I'm actively looking for PhD positions!
Here is my statement of purpose.
I am a senior undergraduate student at the EECS school of Peking University. I am currently working remotely with Prof. Tim Althoff and Prof. Amy Zhang. Last fall, I was a visiting student at the Paul G. Allen School of Computer Science & Engineering at The University of Washington.
I am broadly interested in studying the gap between human behavior and computer. Today, as computers become more and more integrated into our daily life, it is important to figure out a way to bridge this gap.

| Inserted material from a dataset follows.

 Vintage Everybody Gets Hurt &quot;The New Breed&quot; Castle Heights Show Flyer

I design, build, and study tools to help machines to handle and interpret the complexibility in human behaviors, while applying techniques from Human-Computer Interaction, Visualization, Machine Learning, and Software Engineering.

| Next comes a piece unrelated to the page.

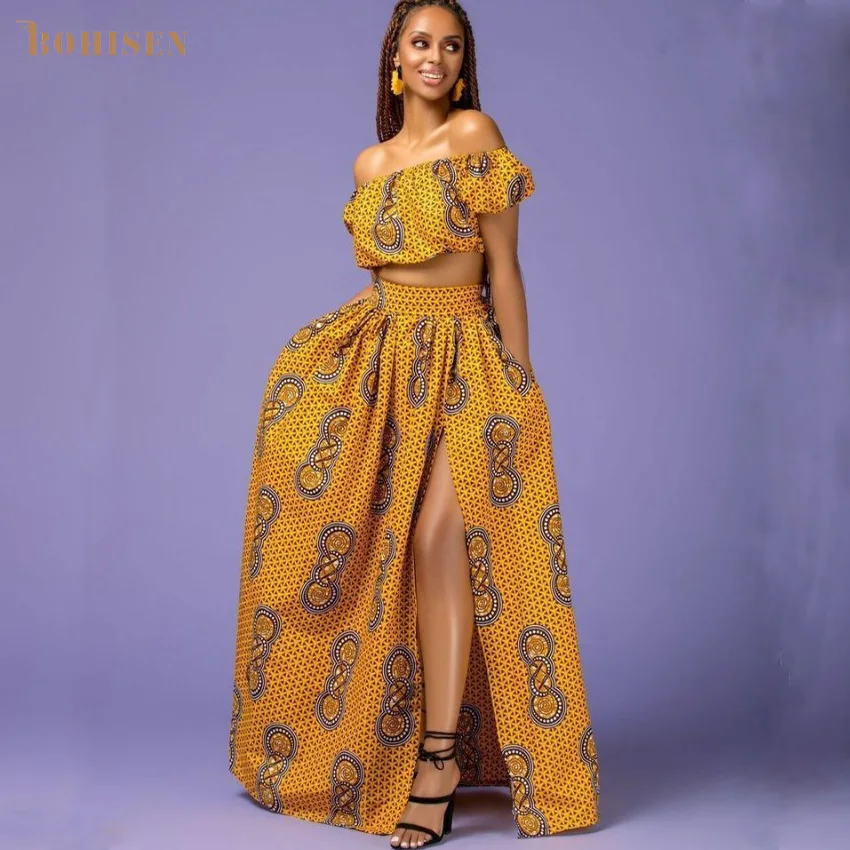 BOHISEN Dashiki African Dresses For Women Bazin Clothing Suits Short Sleeve African Women Clothes With Scraf Floral Print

Currently, I am particularlly interested in studying data scientist behaviors. With an exponential increase in available data and a growing culture of "data-driven discovery", analysis tools have enjoyed widespread innovation and adoption. However, robust processes to guide the use of these systems remain in relatively short supply. My work is related to the following problems that data scientists typically encounter when programming:
Mining Collective Data Science Knowledge from Code on the Web to Suggest Alternative Data Analysis Approaches
Mike Merril, Ge Zhang, Tim Althoff
In submission to WWW 2021
LOP-OCR: A Language-Oriented Pipeline for Large-chunk Text OCR
Zijun Sun*, Ge Zhang*, Junxu Lu, Jiwei Li
Large scale analysis of source code, and in particular scientific source code, holds the promise of better understanding the data science process, identifying analytical best practices, and providing insights to the builders of scientific toolkits. However, large corpora have remained unanalyzed in depth, as descriptive labels are absent and require expert domain knowledge to generate. We propose a novel weakly supervised transformer-based architecture for computing joint representations of code from both abstract syntax trees and surrounding natural language comments. Our model enables us to examine a set of 118,000 Jupyter Notebooks to uncover common data analysis patterns. Focusing on notebooks with relationships to academic articles, we conduct the largest ever study of scientific code and find that notebook composition correlates with the citation count of corresponding papers.
Data science projects are based on a series of decision points including data filtering, feature operationalization and selection, model specifications, and parametric assumptions. Importantly, although the robustness of such projects often hinges on their sensitivity to these decisions, prior work on Multiverse Analysis has shown that analysts' exploration is often limited based on their training, domain, and personal experience. This limited exploration of alternative analysis approaches can lead to highly sensitive or irreproducible outcomes and misguided decision-making. However, supporting novice analysts in exploring alternative approaches is challenging and typically requires expert feedback that is costly and hard to scale. Here, we leverage public collective data science knowledge in the form of code submissions to the popular data science platform Kaggle. Specifically, we mine this code repository for small differences between user submissions, which often highlight key decision points and alternative approaches in the respective analyses. We formulate the tasks of identifying decision points and suggesting alternatives as a classification task and a sequence-to-sequence prediction task. We leverage information on relationships within libraries through neural graph representation learning in a multitask learning framework. We demonstrate that our model, MORAY, is able to correctly predict decision points with state-of-the-art results.
There are two common cases of collaboration in data science. One is pair authoring, where person A does most of the programming work, and person B gives A ideas about what decisions to make. The other one is divide and conquer, where collaborators each take part in the programming work (i.e., A working on data preprocessing and B working on modeling). To better support collaborative cognition in these two cases, we designed and developed an extension to Jupyter Notebook that helps users split work and create branches upon original code. First, we propose to modularize notebooks by adding wrappers outside cells so that users can split work based on modules. For each wrapper, users can specify input and output variable types in advance to avoid conflicts in collaborative editing, such as modifying shared variables without making copies. Second, we allow users to branch over the original code by subdividing cells horizontally in each wrapper, where they can explore alternatives easily in a clear and organized view without writing much explanation. Besides, to better support computational notebooks’ presentation nature, users can also manually collapse wrappers or hide branches to tailor the view for their needs. This extension provides easy navigation and clear presentation views for both technical and non-technical people. The modularization and branching features help programmers split work and control versions strategically in collaboration.